The problem? None of them are very intriguing.

Look at The Matrix. When you watched that first act, there was nothing you wanted more than to figure out WHAT THE FUCKING MATRIX WAS! Or Lost. Even you Lost haters. After the pilot, you wanted to find out why there were polar bears on the island, why there were monsters on that island. Maybe you hated the show as it went on. But it made you want to watch that second episode, I know that.

This doesn’t even accomplish that. Not through the writing at least. You may want to tune in because the production value is as good as a feature film, if not better. But is there any story reason why you want to keep watching this show? Not that I can see.

I guess the engine behind the story is: Will the robots realize they’re not real? And if so, what will they do about it? And I’m not sure that’s exciting enough for me.

And here’s where you can identify why Nolan is a weak writer. He gives away the biggest mystery – that these are robots living in the Old West – in the very first second of the script. Instead of giving us 1-3 episodes of living in this Old West town and showing us a bunch of strange things that make no sense, before revealing that some of the residents are robots and everything is being manipulated from a control room, he tells right off the bat.

Compare that to Wayward Pines, which was built on a similar premise. Except they drew the mystery of the town out as much as possible before telling us what was going on. It’s choices like this that make Nolan look like he’s in over his head.

And there are little things you pick up on that clue you in that you’re not dealing with a real screenwriter. Like the fact that Dolores is our main character, yet I have no fucking clue what she does for a living. We only ever seen her coming out of her father’s house. So is she a professional house exiter?

Good screenwriters know that details like this need to be conveyed right away. Bad or inexperienced screenwriters don’t even consider it because they don’t believe it’s important. You don’t think it’s important we know what your main character does? That’s Screenwriting 101 right there.

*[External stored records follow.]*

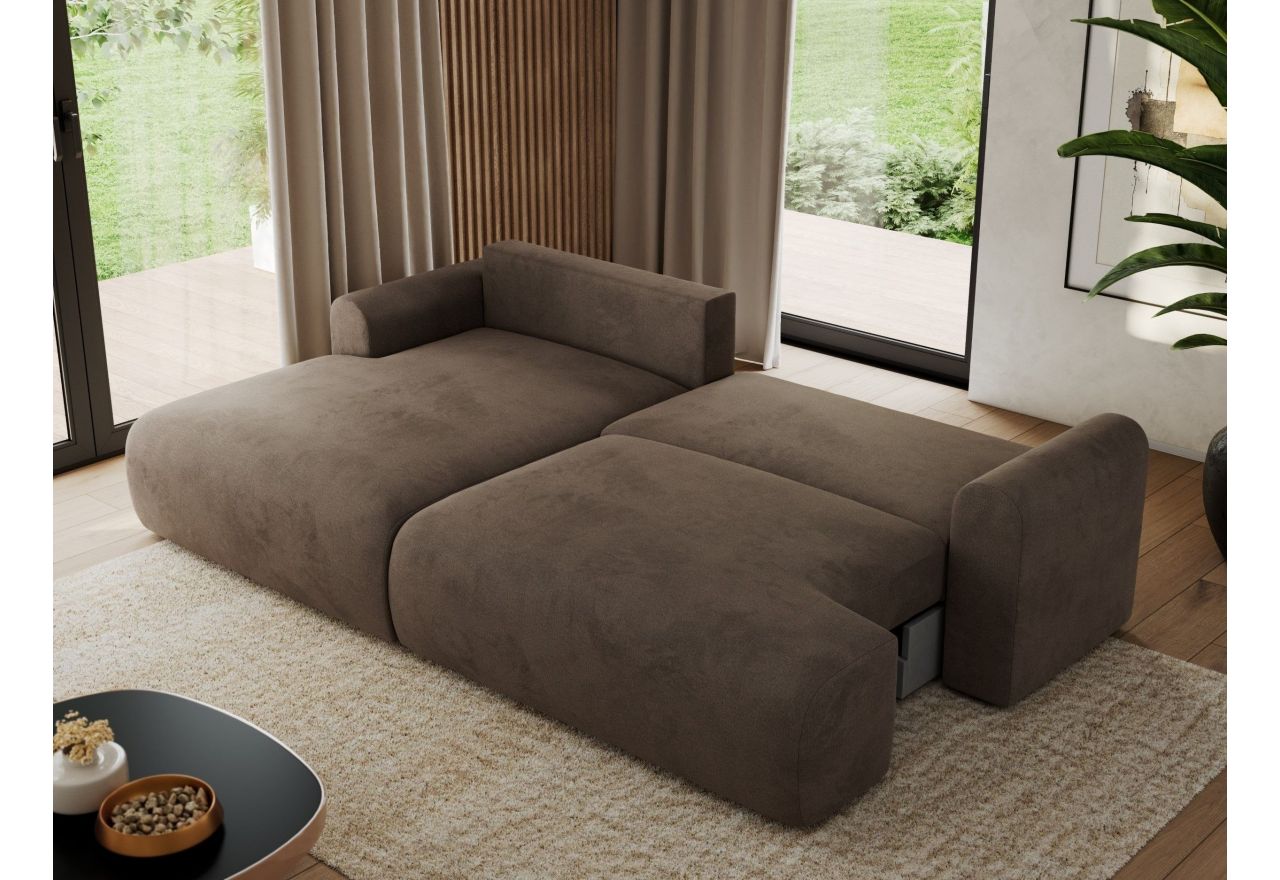 Narożnik TONO L - strona lewa - brązowy, welvet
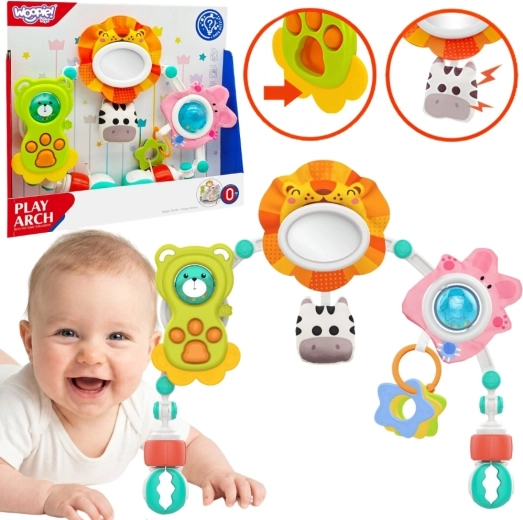 Woopie Baby szenzoros játékív babakocsira és kiságyra – állatkák (oroszlán és maci)
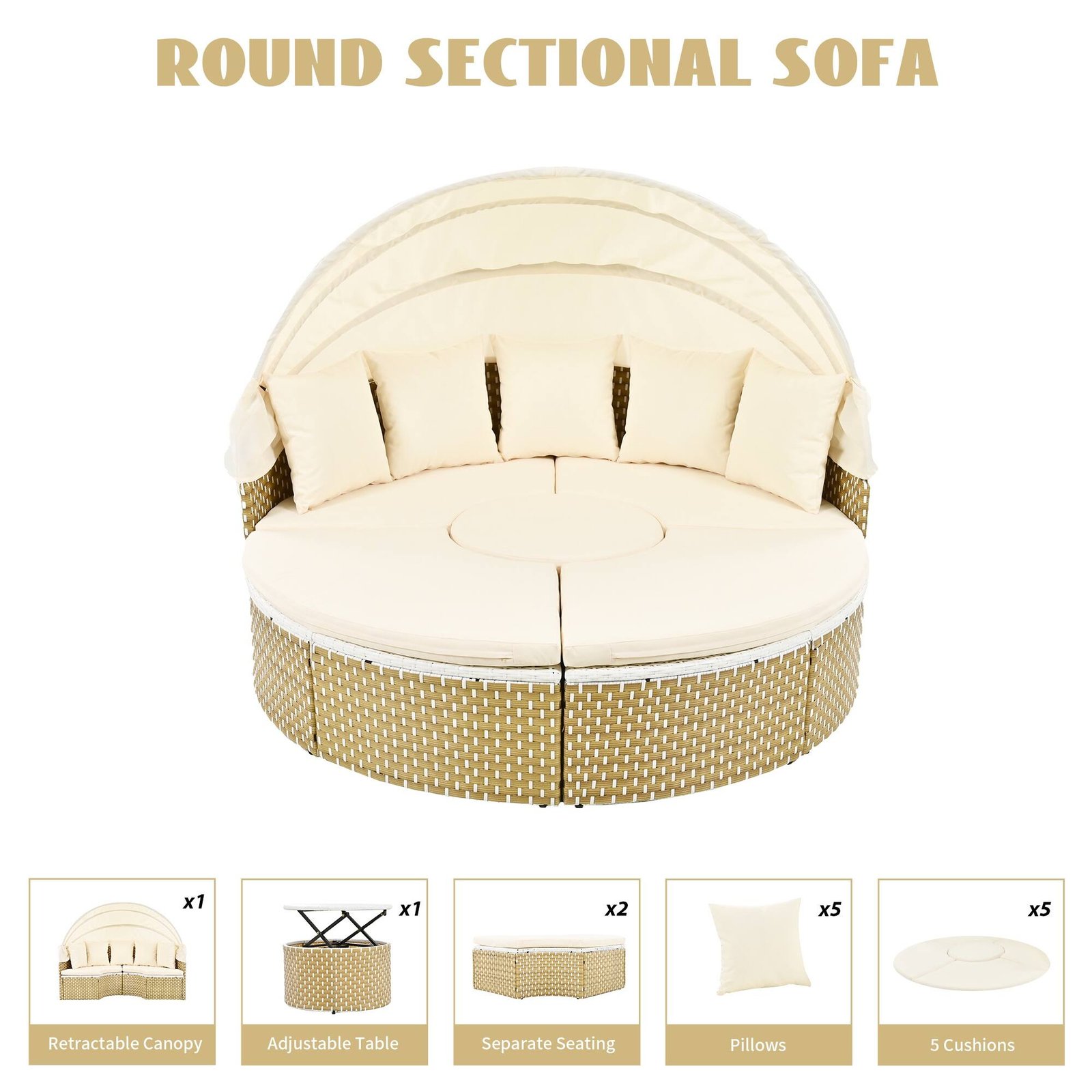 Patio Furniture Round Outdoor Sectional Sofa Set with Retractable Canopy by Leisure Zone - Image 13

Westworld takes itself too seriously and feels like it was conceived by someone who doesn’t have a plan. If the first episode is this disjointed and unclear, what hope is there that future episodes are going to pull things together? A TV show always gets sloppier as it goes on. The pilot is supposed to be the one statue of solidarity. And this one’s already cracking.

I’m sure this show will have its fans due to the out-of-this-world production budget, which allows Westworld to look as slick as a Christopher Nolan film. But in the end, all the audience cares about is the story and the characters. And Westworld, at least judging by the pilot, doesn’t deliver on either.

[ ] What the hell did I just read?
[x] wasn’t for me
[ ] worth the read
[ ] impressive
[ ] genius

What I learned: Is the main unanswered question you derived for your series COMPELLING ENOUGH to make viewers want to tune in next week? Really think about that question. Because if there’s no compelling question, there are no viewers coming back. Westworld could’ve kept the robots and the control room a secret, and used the first few episodes to introduce a series of characters acting strange. That question would’ve propelled us to keep tuning in. Instead, they answered that question immediately and shifted the series’ primary question to, “Will the robots realize they’re robots, and when that happens, then what?” Uhhhh, I don’t really care about the answer to that question, so I’m not compelled to keep watching.

Why this is important: With television, you want to keep eyeballs on your show long enough so that the audience gets hooked on your characters. You can’t always do that in the first episode, since you’re crafting a story with a lot of setup. So you need to derive ways to keep the audience around for 4-5 episodes where they’ve been around your characters long enough that they’re now hooked on them. Without a strong unanswered question driving those early episodes, you’ll never get your audience to that point.